▶ _AVAILABLE DATA_:
>>
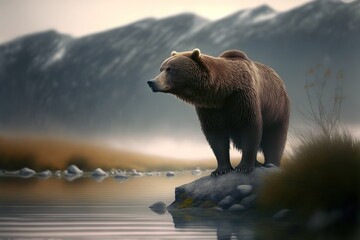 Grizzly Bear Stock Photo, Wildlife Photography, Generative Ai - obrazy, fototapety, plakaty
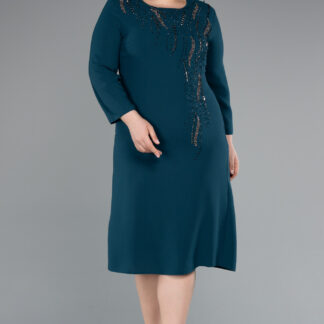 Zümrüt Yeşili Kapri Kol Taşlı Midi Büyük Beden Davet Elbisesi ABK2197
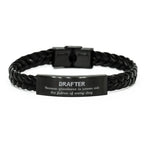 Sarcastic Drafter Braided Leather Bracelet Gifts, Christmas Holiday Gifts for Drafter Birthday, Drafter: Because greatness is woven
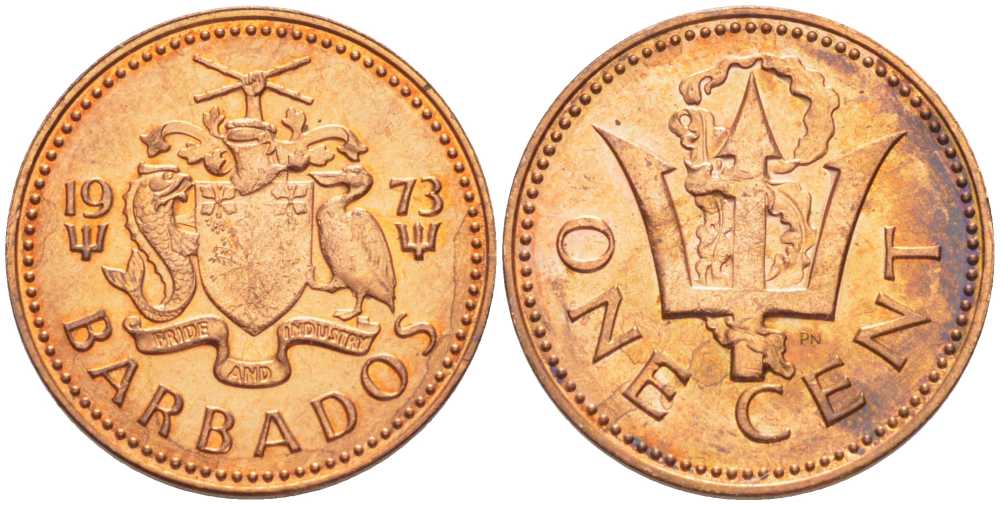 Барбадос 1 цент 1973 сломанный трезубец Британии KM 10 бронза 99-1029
<<
>>
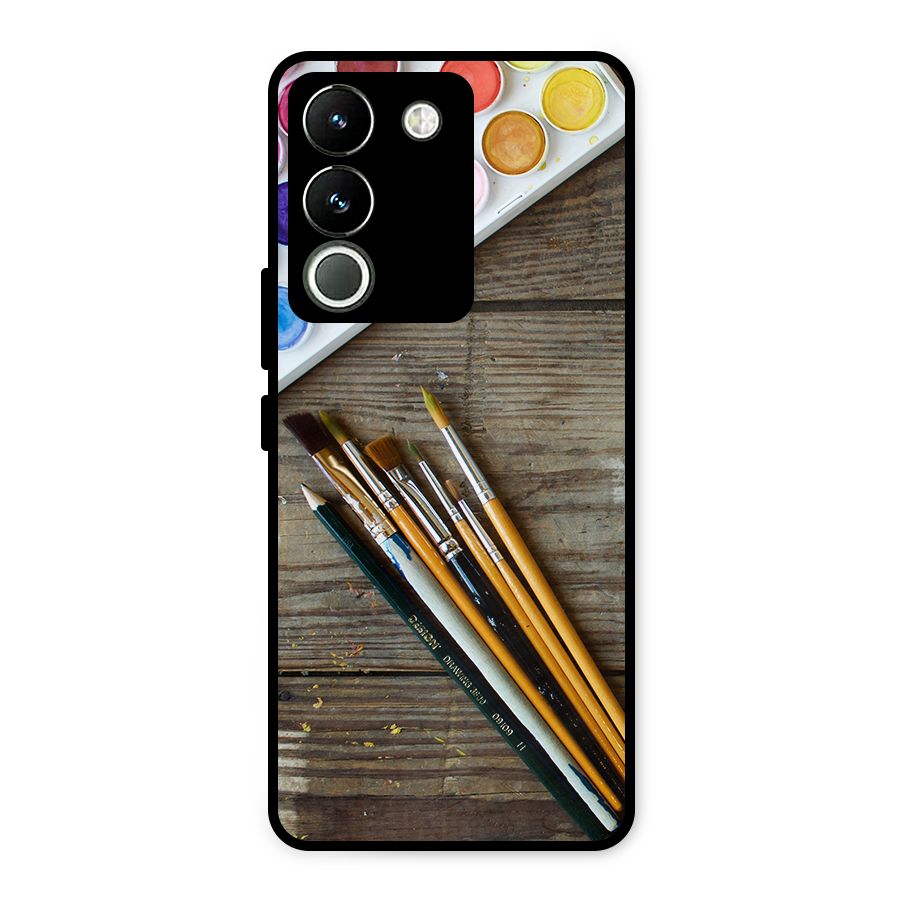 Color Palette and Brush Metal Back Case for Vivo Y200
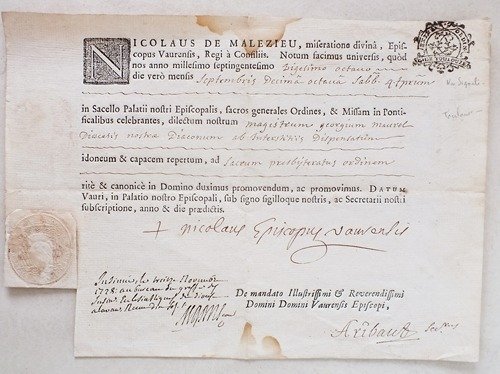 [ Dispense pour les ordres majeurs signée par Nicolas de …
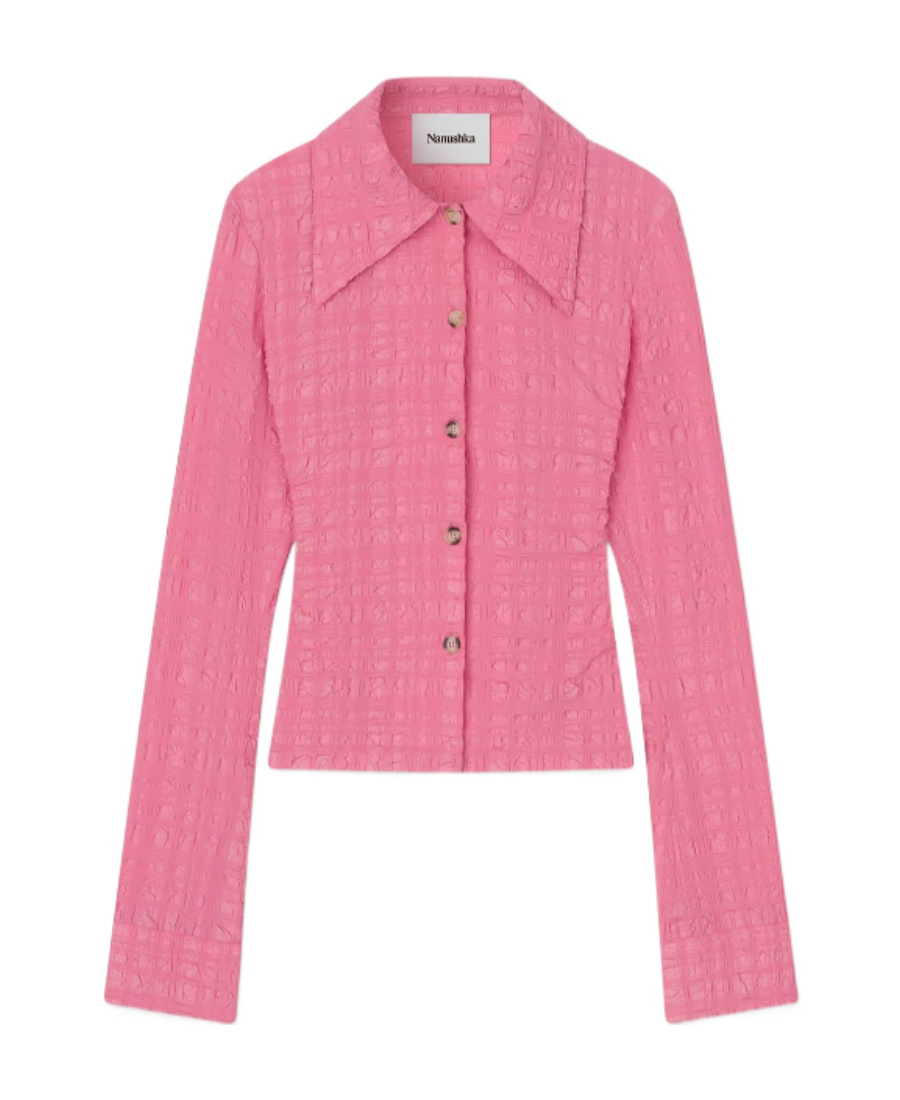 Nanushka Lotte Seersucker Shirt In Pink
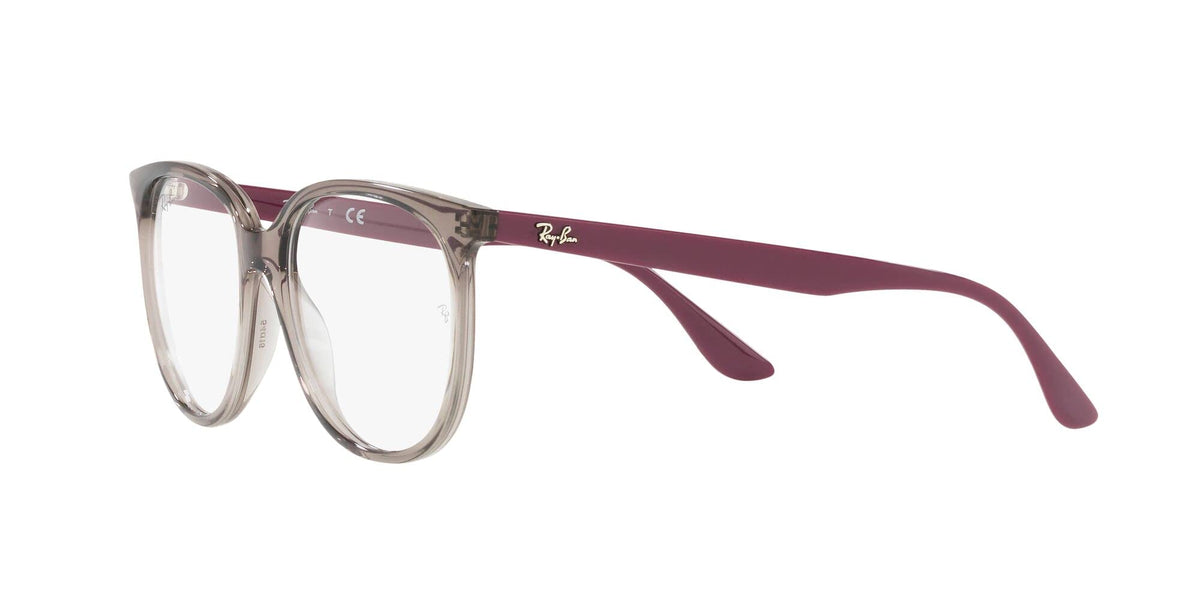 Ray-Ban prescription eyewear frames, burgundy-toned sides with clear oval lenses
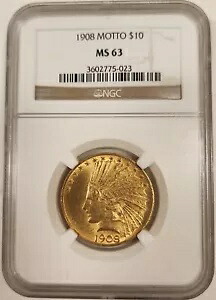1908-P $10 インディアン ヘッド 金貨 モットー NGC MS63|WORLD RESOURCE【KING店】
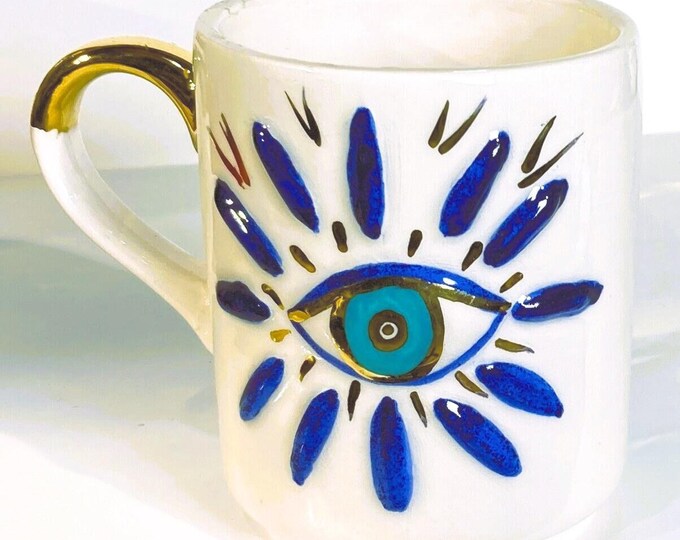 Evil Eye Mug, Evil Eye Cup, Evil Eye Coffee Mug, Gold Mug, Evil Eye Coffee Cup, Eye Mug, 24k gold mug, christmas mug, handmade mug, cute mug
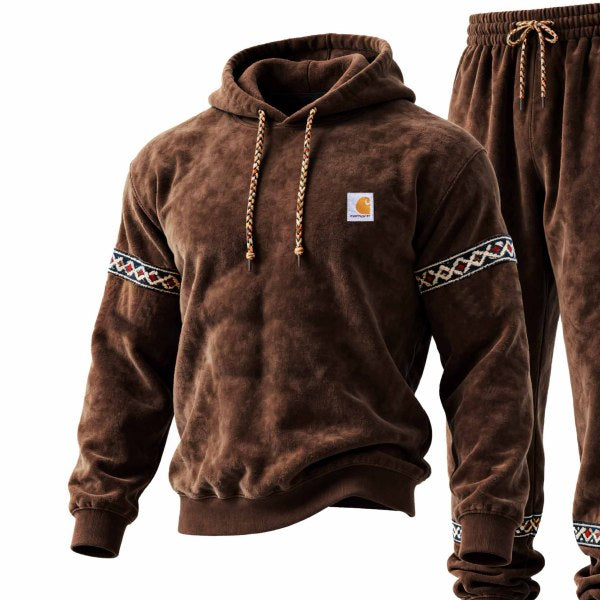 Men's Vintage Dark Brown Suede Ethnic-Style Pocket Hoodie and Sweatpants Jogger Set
<<
Give the lines above again exactly, from the one containing "Zümrüt Yeşili Kapri" to the one containing "Барбадос 1 цент", both included, but leave out the pictures.

 Zümrüt Yeşili Kapri Kol Taşlı Midi Büyük Beden Davet Elbisesi ABK2197
 Sarcastic Drafter Braided Leather Bracelet Gifts, Christmas Holiday Gifts for Drafter Birthday, Drafter: Because greatness is woven
 Барбадос 1 цент 1973 сломанный трезубец Британии KM 10 бронза 99-1029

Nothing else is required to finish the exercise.